Ce qui fait que nous pensons que dans la gouvernance globale, nous ne sentons pas le changement patriotique tant chanté.
Libreinfo.net : Quelle est la position de votre centrale syndicale quant aux efforts de mobilisation financière pour faire face au terrorisme ?
Dr Moussa Diallo : Non, nous n’avons pas de compréhension particulière dans la mesure où nous avons dit que l’Etat a les moyens d’exploiter les niches fiscales que nous avons signalées.
Il y a beaucoup d’argent à rechercher et c’est une de nos insatisfactions d’ailleurs pour nous.
Quand on vient avec l’idée de rupture, il faut effectivement que des gens constatent qu’il y a des efforts qui sont faits ; on a dit à des députés de rembourser mais nous avons dit que y a eu plus de 1000 milliards de F. CFA de “reste à recouvrer” par l’Etat.
Et c’est principalement des entreprises privées qui doivent à l’Etat et qui ne l’ont pas payé. Vous avez déjà entendu qu’une entreprise a été poursuivie jusque-là ?
Pour nous, c’est ça qui est important ceux qui ont déjà les moyens si on les laisse et on s’acharne sur les pauvres, sur ceux qui se cherchent, qui tirent le diable par la queue, il y a problème.
C’est pour ça que nous avons estimé, en son temps, que la retenue de 1% ne devrait pas être imposée aux travailleurs.
Libreinfo.net : Êtes-vous pour la contribution financière demandée aux travailleurs ?
Dr Moussa Diallo : Nous avons déjà répondu. Nous disons que pour nous, il y a suffisamment d’argent et qu’il faut d’abord chercher à mobiliser les ressources que les gens doivent à l’Etat ; si cela ne suffit pas, alors on peut demander un effort supplémentaire aux travailleurs.
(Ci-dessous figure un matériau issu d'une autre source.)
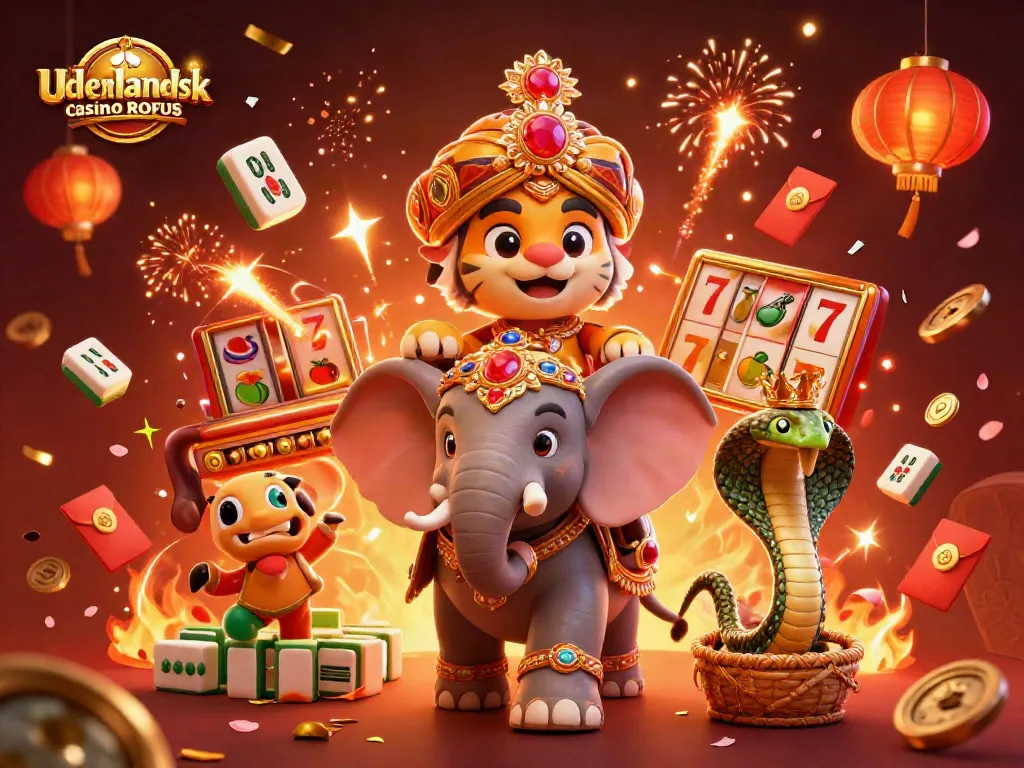 Experience the excitement of udenlandsk casino uden ROFUS with dazzling visuals of winning slot machines and joyful celebrations.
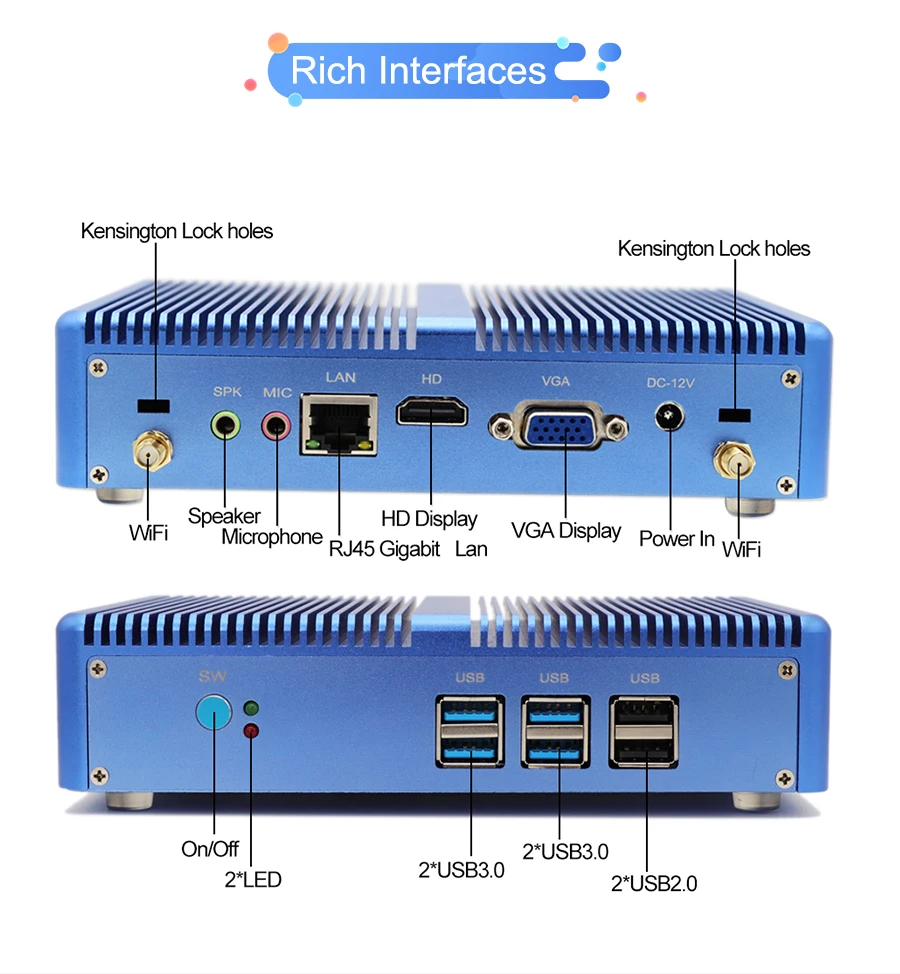  EGLOBAL небольшой Nuc i3/i5 7267U встроенный ПК РТК настольных компьютеров pc безвентиляторный
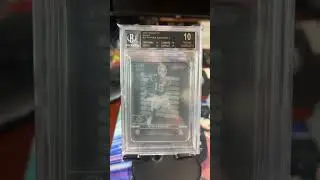 BGS Black Label Pristine 10 Patrick Mahomes II Absolute Football Glass Card at Dallas Card Show!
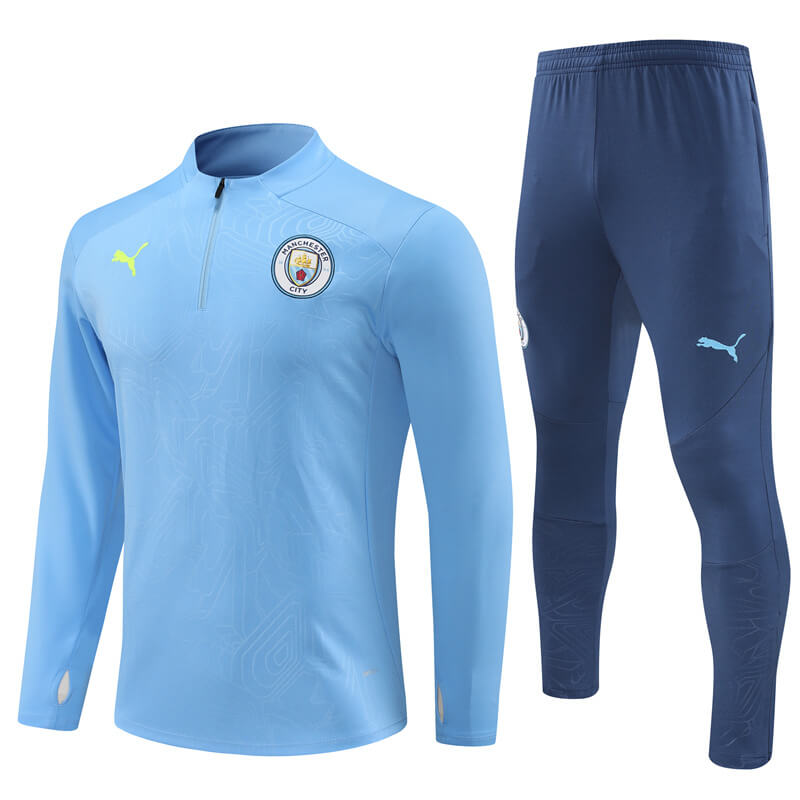 Manchester City Long Sleeve Track Suit 2024/25 MEN681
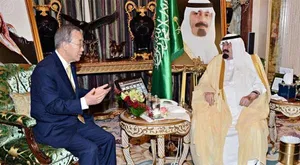 اوضاع غزه محور گفتگوی خادم حرمین شریفین و دبیر کل سازمان ملل
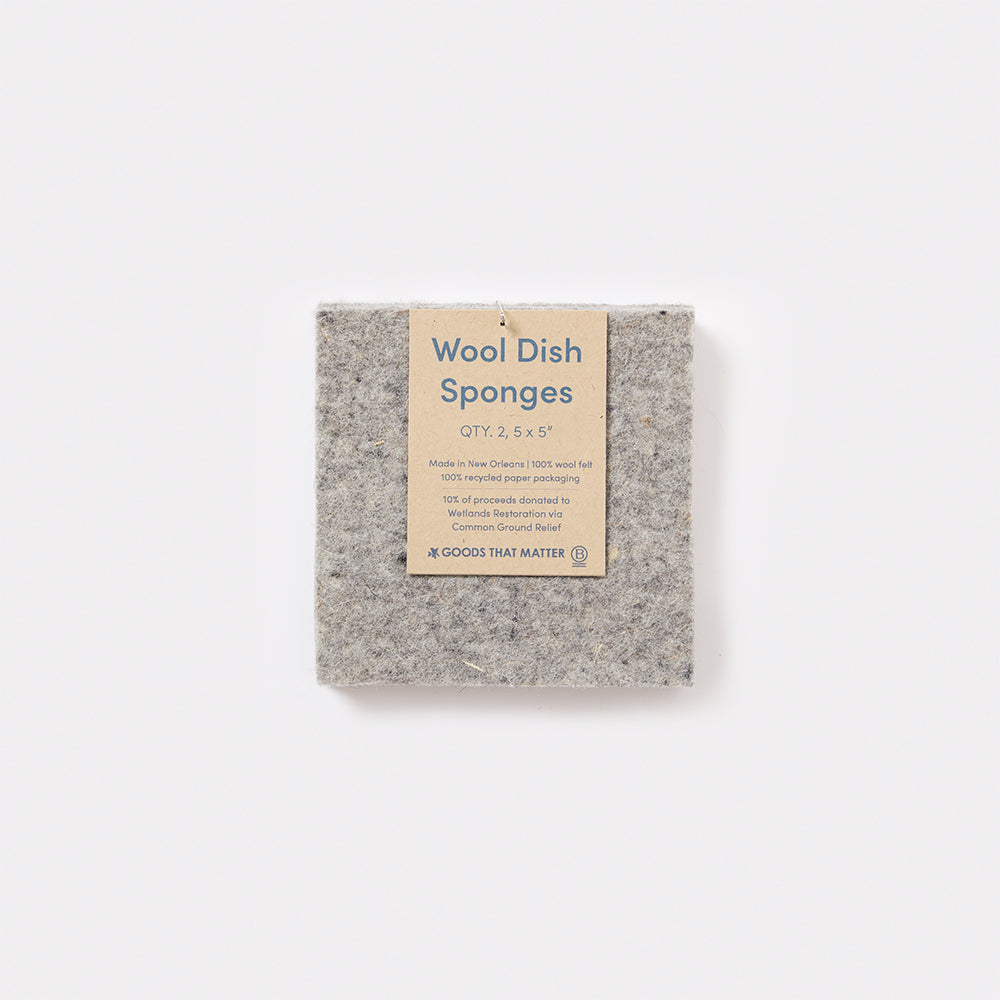 Wool Eco Dish Sponge - 2 Pack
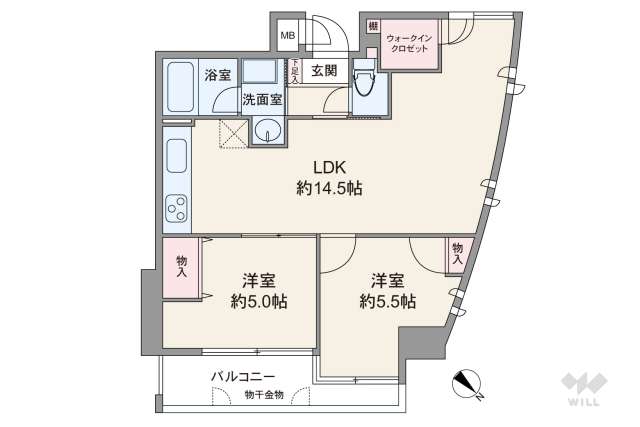 クリスタルコート塚口:間取り図面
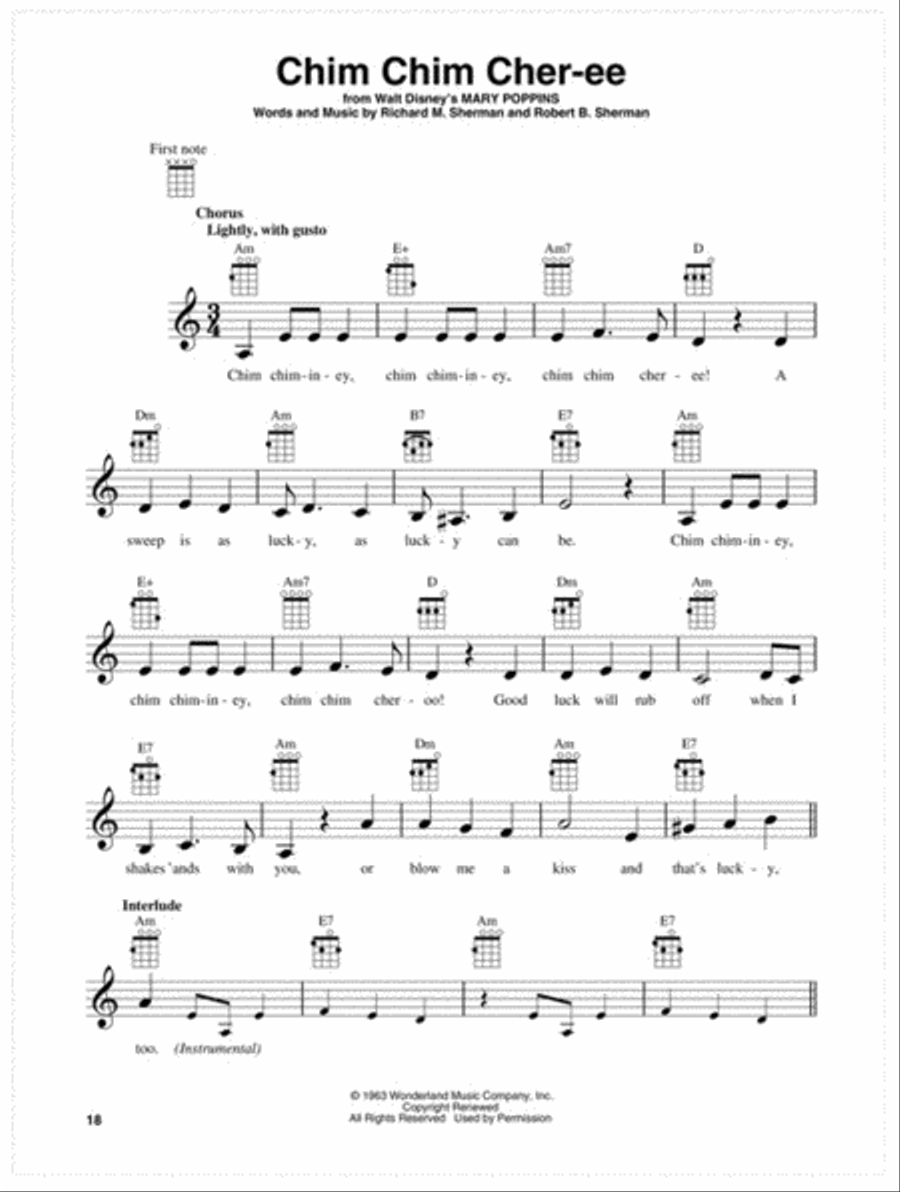 Disney Songs for Ukulele Ukulele scores gallery preview page 4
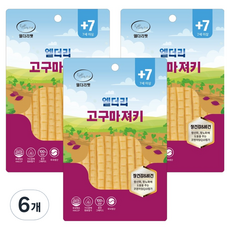 엘더리펫 강아지 엘더리 져키 간식, 고구마, 100g, 6개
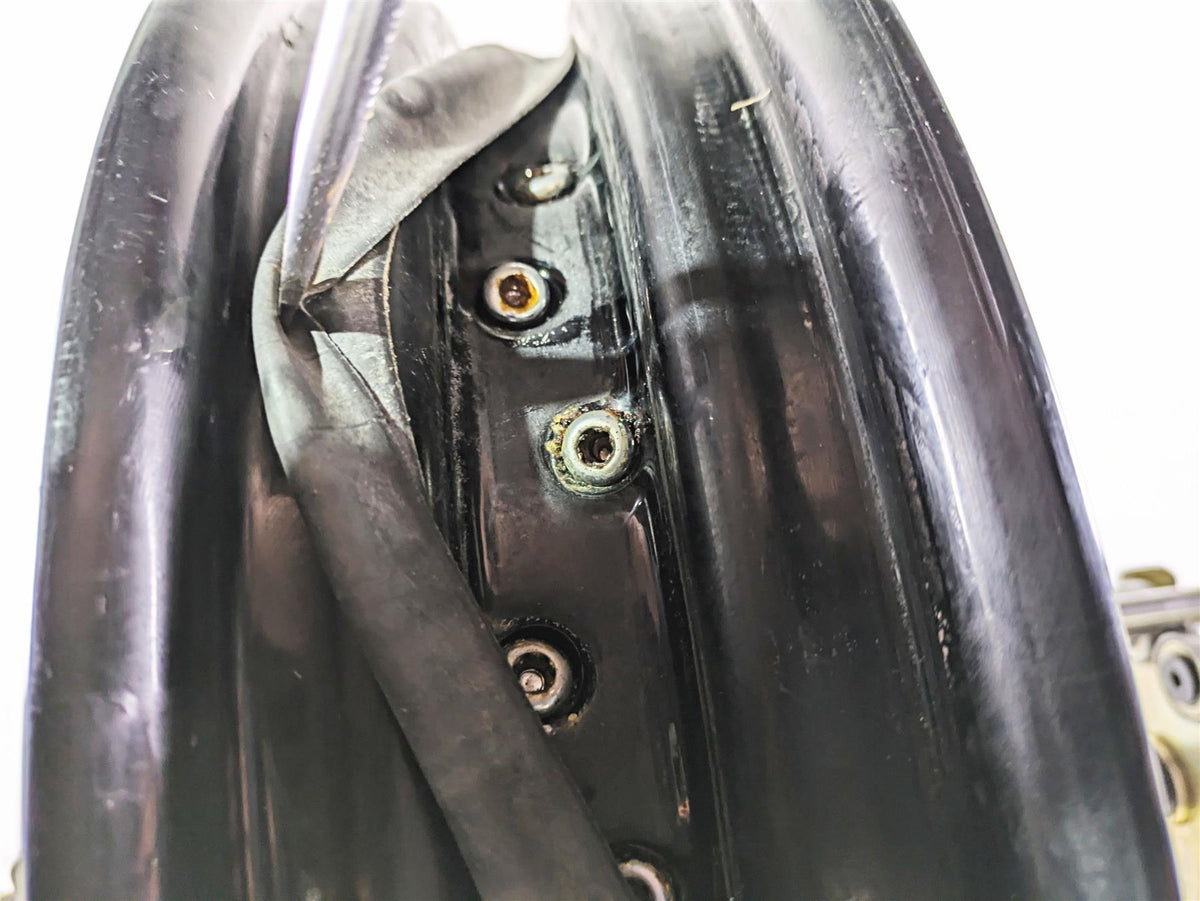 2014 Harley FLS Softail Slim Straight 16x3 Front Wheel Rim & Rotor 55107-12 {{ shop.shopifyCountryName }} - Mototech271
Nous estimons que nous travailleurs nous faisons déjà suffisamment d’efforts. Avec la vie chère qui s’ajoute, l’inflation qui est la plus élevée de la sous-région, avec les augmentations successives du prix du carburant, on est en train de se demander si on n’est pas en train de contraindre le citoyen burkinabè à mourir de faim.
Libreinfo.net : Le Premier ministre burkinabè a évoqué le fédéralisme entre le Mali, la Guinée et le Burkina Faso. Que pensez-vous de ce projet politique régional ?
Dr Moussa Diallo : Je ne voudrais pas répondre à cette question en tant que CGTB ; par contre, je fais de la recherche et sur la question du fédéralisme ; il me semble qu’il y a un problème de fond qu’il faut d’abord résoudre.
Le fait que des Etats se mettent ensemble ne suffit pas pour qu’ils soient forts, il faut qu’ils aient les mêmes convictions, qu’ils aient la même vision ; c’est cela qui permet aux États fédérés de pouvoir se développer.
Mais ce que nous avons constaté dans le cas présent, c’est juste des Etats qui viennent de subir des coups d’Etat, donc des gouvernements issus de coups d’Etat qui se mettent ensemble pour lancer un projet dont la réalisation dépassent leurs capacités en termes de durée même de leur mandat.
Donc il reste évident, à mon avis, que c’est juste du populisme. Ils savent très bien qu’ils ne peuvent pas opérationnaliser cela ; en moins de deux ans il n’est pas possible de mettre en place une fédération des Etats entre le Burkina, le Mali et la Guinée.